Suddenly I heard my name called out, looked around, and saw Sean Burton and Bruce Kilminster approaching, with Bruce’s sister Rhonda tagging along behind. Sean and Bruce were two of the most precocious, if not the most intelligent, of my coevals, while Rhonda was in the class below. The two boys were much envied for their duplicate sets of Batman swap cards, their ability to construct elaborate cat’s cradles with their silver and black Coca-Cola championship yo-yos, and their alleged discovery that the VW logo on a Beetle’s wheel visibly morphed into a swastika when travelling at around 40 mph. (Crouched unseen behind the front fence of the masonic lodge of the United Ancient Order of Oddfellows they would wait for the optical illusion to appear on the spinning hubcaps of hapless Volkswagen drivers and then fire upon the enemy with an arsenal of plastic peashooters.) Rhonda, meanwhile, was already notorious for shunning underwear and for her willingness to lift her school tunic for all and sundry behind the bushes at the back of No Man’s Land. Although I had never availed myself of her services, it was Rhonda who first acquainted me with the concept of prostitution as she generally demanded sixpence or a shilling for a good look at her ‘crack’, as it was perfunctorily referred to at the time. There were also rumours that for larger sums she was willing to compromise herself in further unspecified ways and I had heard tell of vague orgies that took place after school in the backyard shack down below Sean’s parents’ house.
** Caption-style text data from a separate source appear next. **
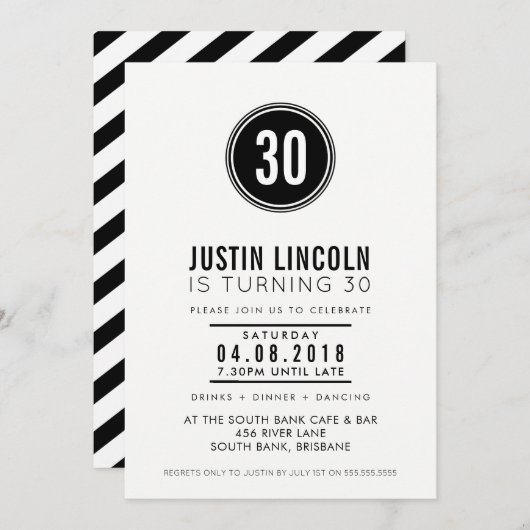 30モダン歳の誕生日パーティー招待状無地ブラック 招待状 (正面/裏面)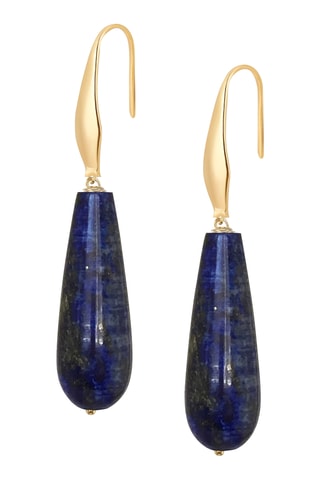 Boucles d’oreilles - Plaqué or jaune et lapis-lazuli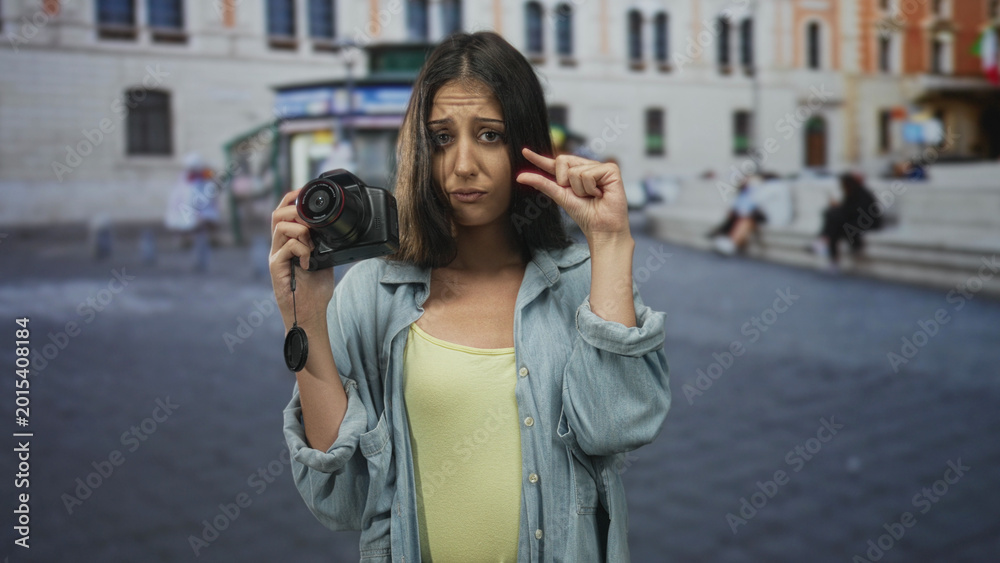 Fototapeta premium Young hispanic woman holding camera pinching fingers to show small at street; frustration travel mishap.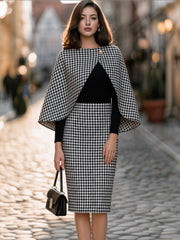 Houndstooth Cape-Overlay Midi Dress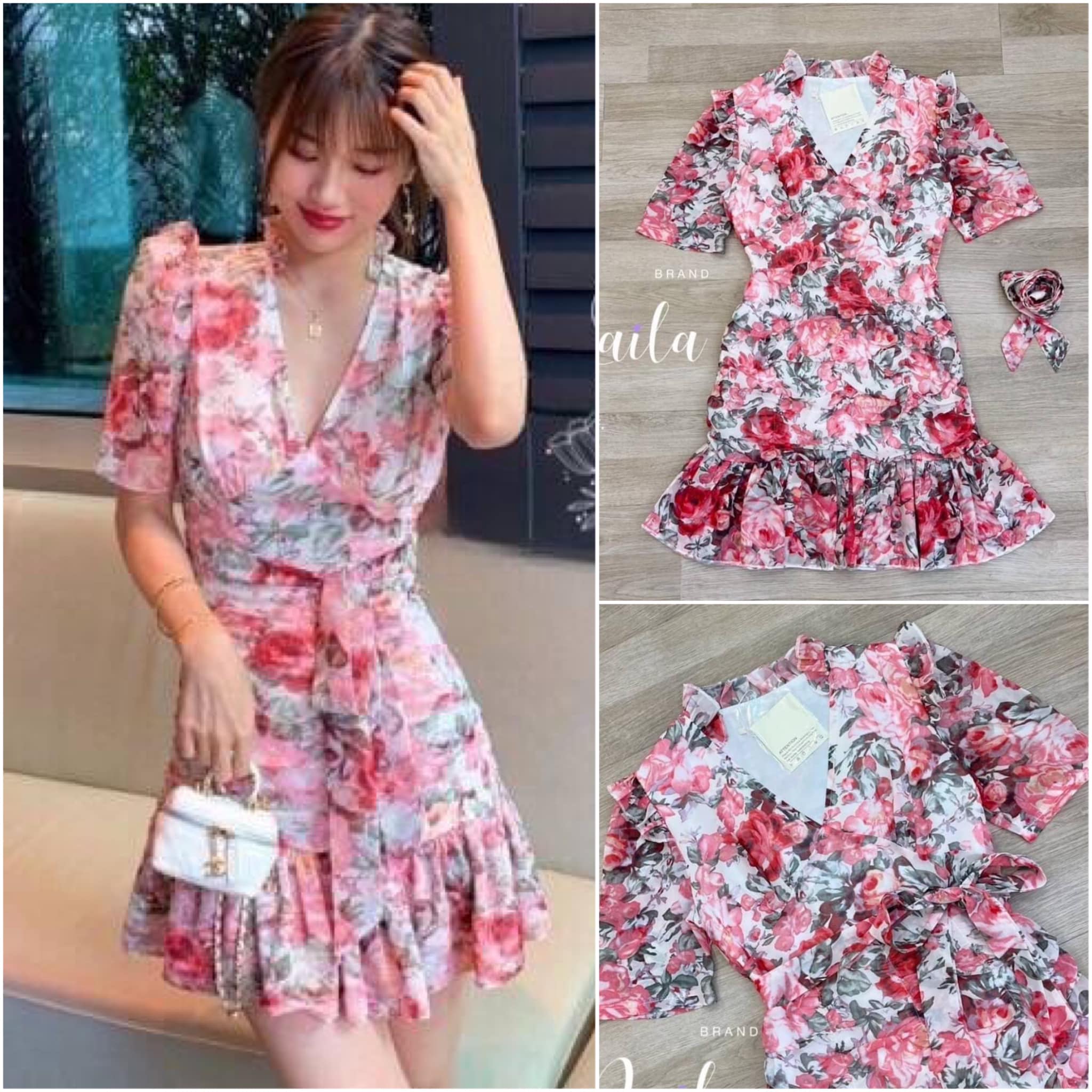มินิเดรสงานลายดอกสีแดง ทรงคอวีช่วงแขนแต่งยกระบายน่ารัก ตัวกระโปรงทรงย่นๆด้านหน้าระบายชาย มาพร้อมสานผูกเอวให้ลงตัว ลุคนี้หน้า ร้อนต้องมีค่า สินค้าคุณภาพ (พร้อมส่ง)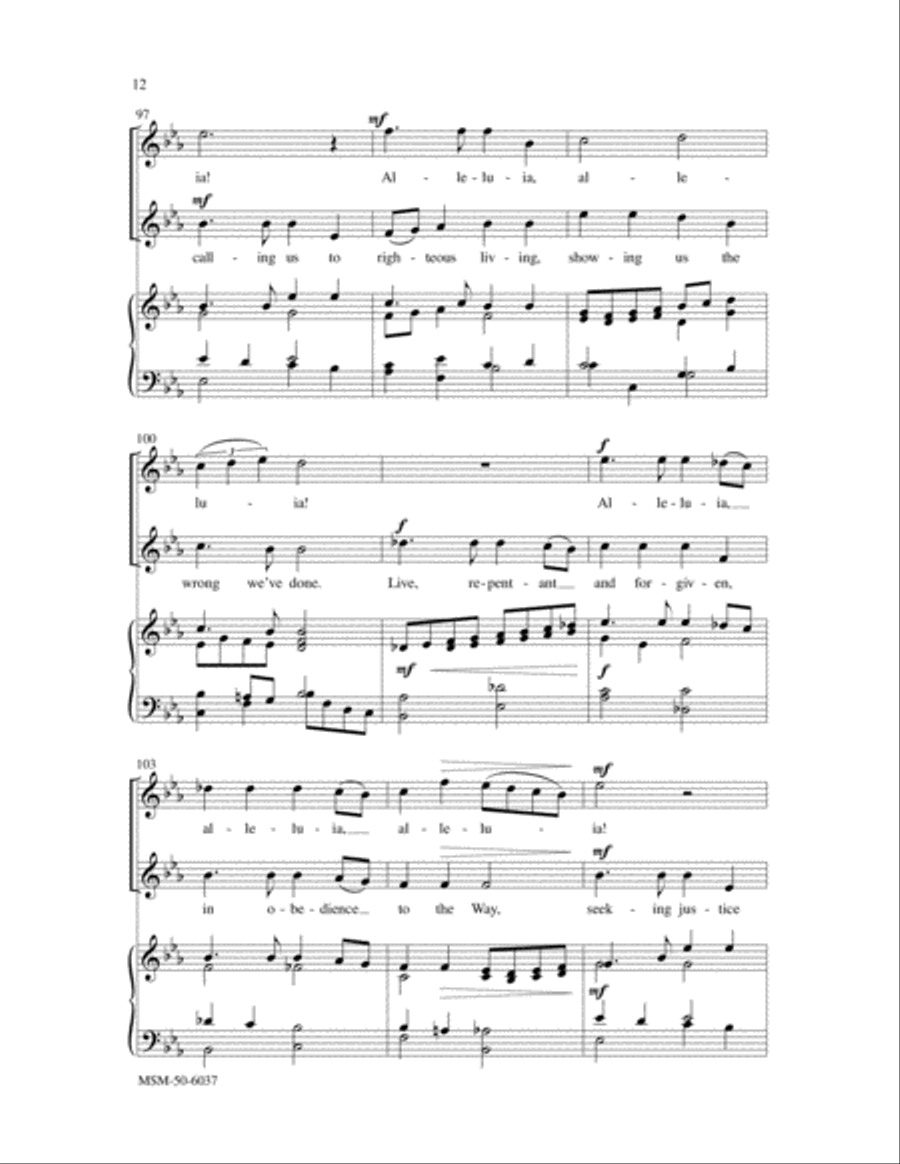 Come, Believers in the Gospel 4-Part scores gallery preview page 6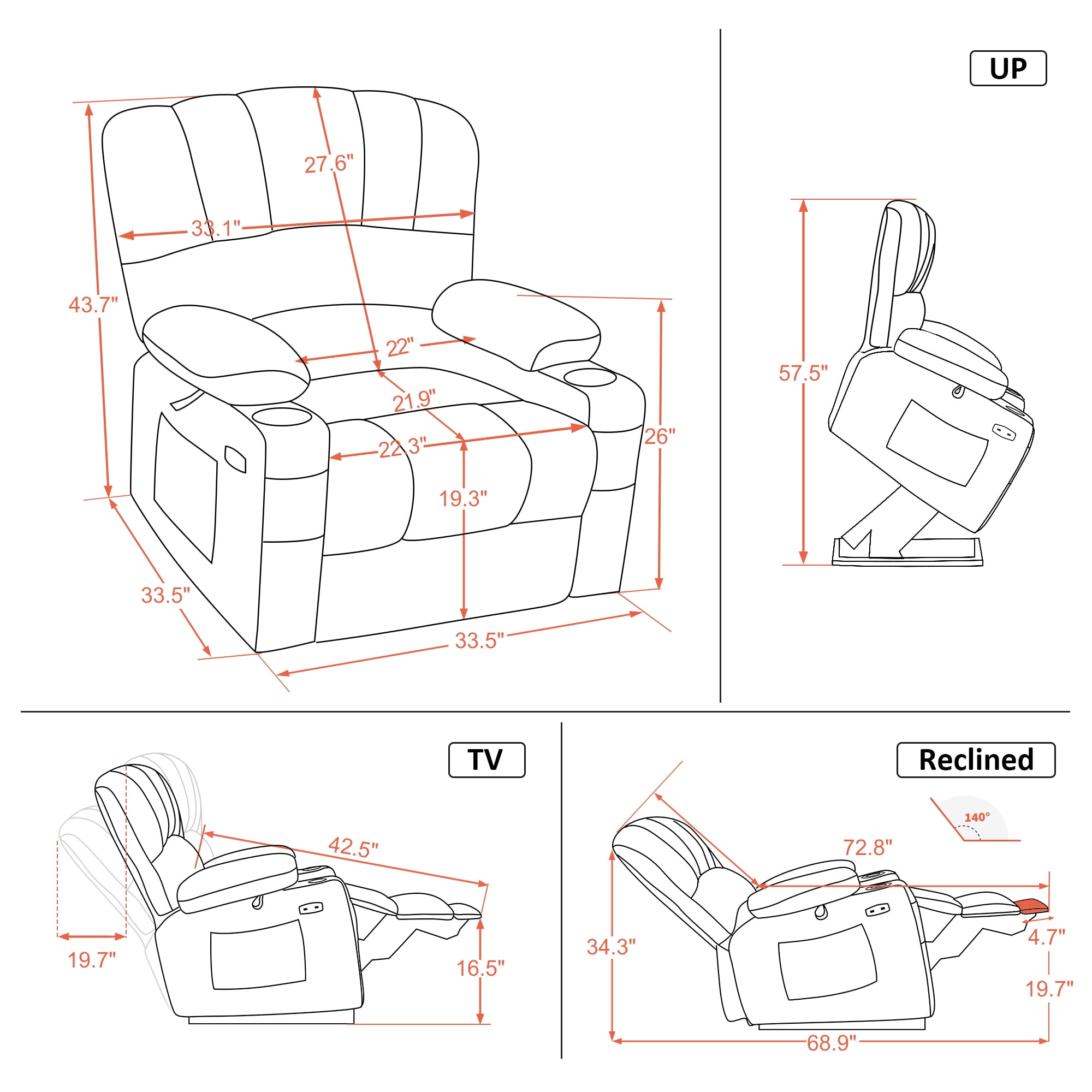 MCombo Power Lift Recliner Chair with Massage Heat, Extended Footrest, Faux Leather(Medium-Regular, Black)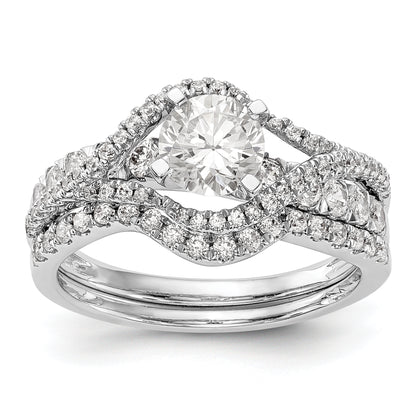 14k White Gold Peg Set Simulated Diamond By Pass Engagement Ring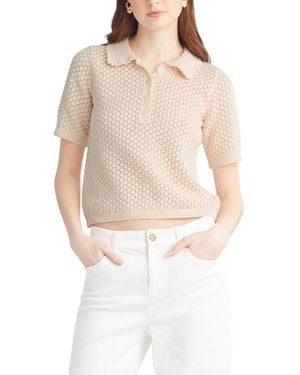 Draper James Scalloped Collar Wool-Blend Polo Sweater - White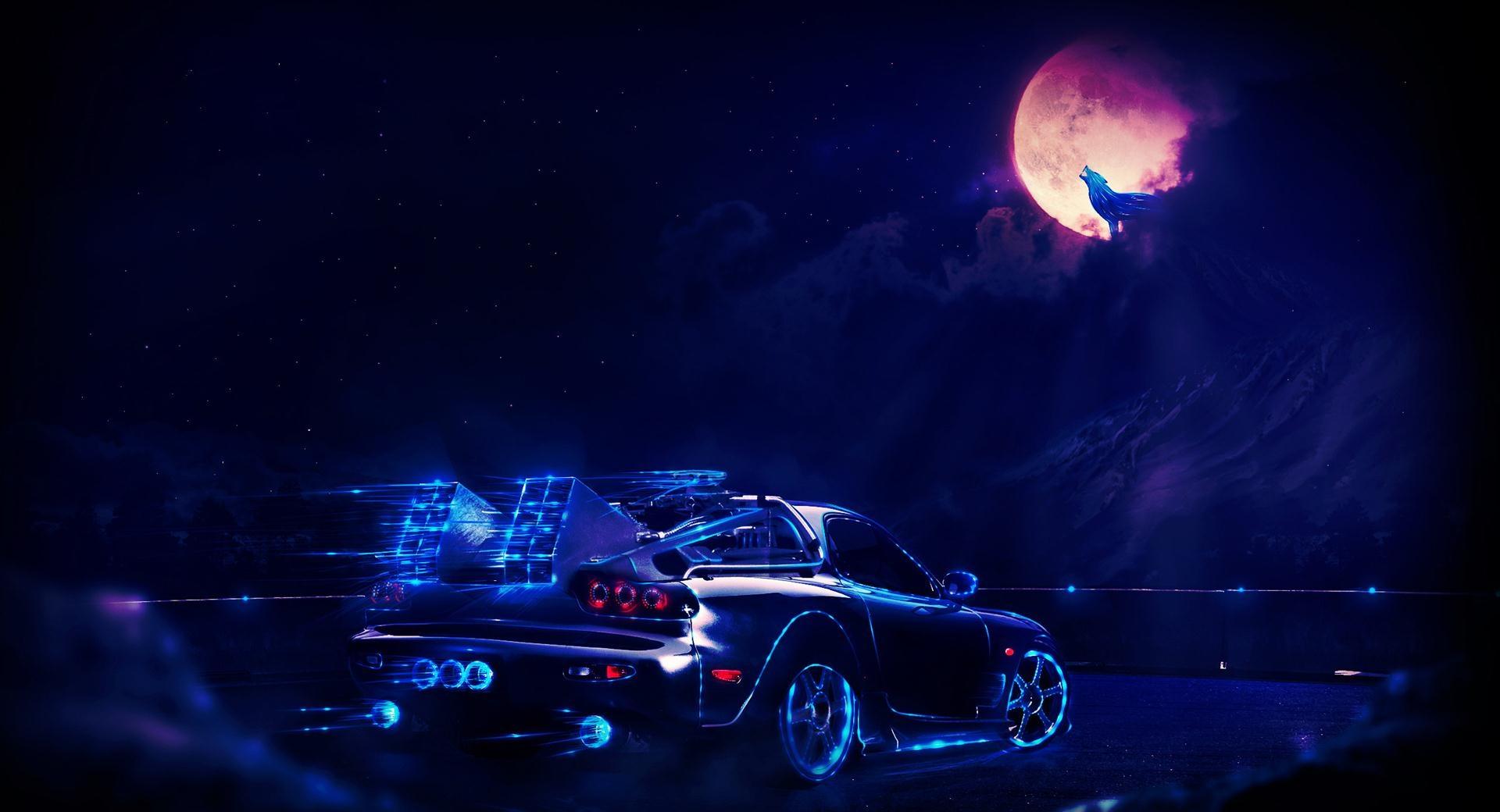 Neon Car Going To The Moon Wolf at 1024 x 1024 iPad size wallpapers HD quality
As the three of them shuffled up and drew level with me, Sean wittily exploded a throwdown at my feet, causing me to suddenly jump in fright.

‘Whaddya doin’ this arvo, Victor?’ asked Bruce, his face creased with mirth.
‘Nothing much’, I replied suspiciously, popping the last piece of cream bun in my mouth and washing it down with a swig of Fanta and a dose of nonchalance. ‘Why?’
‘Cause Rhonda’s putting on a show at the shack if you wanna come. But it’ll cost you…’
‘Yeah? How much?’
‘Two bob and she’ll strip for you.’
I looked obliquely at Rhonda who was smiling at me and flapping the bottom of her tunic with both hands.
‘OK, maybe’ I said non-committally. ‘I’ll think about it.’
‘Yeah, well if you don’t chicken out, we’re meeting at the bubblers at three-thirty.’

The three of them wandered off, leaving me to polish off my Fanta while I pictured as best I could what might be in store for me that afternoon. A few seconds later the school bell sounded again for the resumption of class and I started to walk back across the oval, mentally computing Rhonda’s wages of sin (six boys at two shillings apiece equals 12 shillings…) and enviously comparing them to my own modest allowance.

I was anxious to be back in class in time for the start of the so-called Speed Test to which the entire school was subjected every Monday morning. This was the brainchild of the new deputy headmaster Mr Bridges and was transmitted simultaneously over the loudspeaker in each classroom. Each week’s test was based on a different arithmetical operation such as addition, subtraction, division or multiplication. The test lasted only 60 seconds and consisted of Mr Bridges reading out thirty rapid-fire questions which each student had to answer on paper. The results were then tallied and to accomodate the difference in arithmetical prowess between, say, the third grade and the sixth grade, Mr Bridges applied what he termed a ‘coefficient’, a word I fondly and voluptuously repeated to myself, obscurely detecting within its syllables all the frenetic modernity of jet aircraft, rocket sleds and wind-tunnel experiments.

At the start of each test Mr Bridges would blow his silver sports whistle over the loudspeaker and then start manically barking out the sums in his stentorian voice:
‘36 divided by 3…75 divided by 5…119 divided by 7…143 divided by 11…81 divided by 9…’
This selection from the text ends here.